Meski sadar bisa jadi sumber penghasilan, Puji menolak untuk memungut biaya kepada para murid yang dalam satu kali kursus jumlahnya bisa mencapai 10-15 orang itu.

“Oh, bisa [jadi sumber penghasilan] juga sih. Banyak juga yang mau bayar. Mereka bersedia membayar AUD$10-$20 (Rp 95 ribu- Rp 90 ribu) per pertemuan untuk satu orang.”

Namun, perempuan berumur 44 tahun itu mengatakan bahwa kursus gratis tersebut merupakan ungkapan rasa terima kasihnya kepada pemerintah Indonesia atas beasiswa yang dianugerahkan kepadanya sebanyak dua kali.

“Ungkapan terima kasih ini sebenarnya karena saya sudah memakai uang pajak untuk sekolah dalam bentuk beasiswa DIKTI untuk S2 dan LPDP untuk S3 saya,” kata Puji.

“Bahwa beasiswa saya dapat karena merit-based [atau berdasarkan kinerja kerja] tapi tetap saya perlu berterima kasih kepada masyarakat Indonesia, salah satunya yang ada di Sydney.”

Menurutnya, ilmu pembuatan tempe adalah tanda terima kasih yang cocok melihat banyaknya warga Indonesia yang selalu kangen makan tempe khususnya di Sydney.

“Selain harganya yang semakin mahal, rasanya pun berbeda dengan tempe yang di Indonesia.”

Membuat tempe di Australia

Puji Rahayu di tengah mengajar kursus
Puji Rahayu mengatakan kursus pembuatan tempe gratis yang ia adakan merupakan bentuk ucapan terima kasih kepada pemerintah Indonesia.

Foto: supplied

Perbedaan Australia dan Indonesia khususnya dalam aspek suhu dan kelembapan mendorong Puji untuk berpikir kreatif demi menghasilkan tempe berkualitas baik.

Beberapa ide tersebut meliputi penggunaan kain dan selimut listrik sebagai penutup dan takaran ragi dalam adonan tempe yang diperbanyak melebihi takaran pada umumnya bila membuat di Indonesia.

“Perbedaan paling utama adalah suhu dan kelembapan.
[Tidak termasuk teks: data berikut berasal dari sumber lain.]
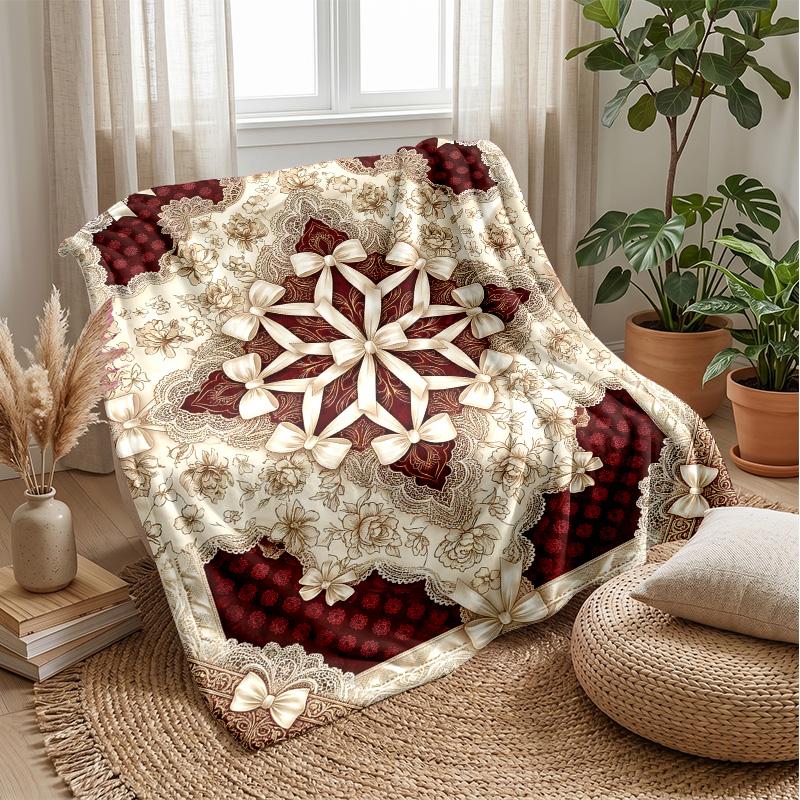 Ornate Bow Lace Pattern Theme blanket Lightweight Warm Flannel Blanket Decorative Throw Blanket for Home Decoration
Kami antisipasi dengan memanfaatkan kain-kain untuk menutup pada saat dingin,” kata Puji.

“Bahkan kalau masih terlalu dingin, kami memakai selimut listrik yang dinyalakan sekitar sejam setiap malamnya.”

Ketersediaan ragi di daerah tempat tinggal juga sempat menjadi kendala bagi ibu yang tinggal dengan dua anak tersebut.

“Kendala lainnya adalah ragi. Awal-awal kami [Puji dan suami] membuat tempe, ragi belum tersedia di toko Indonesia di daerah kami tinggal.”

“Alhamdulillah sekarang ragi sudah tersedia di beberapa toko Indonesia di Sydney.”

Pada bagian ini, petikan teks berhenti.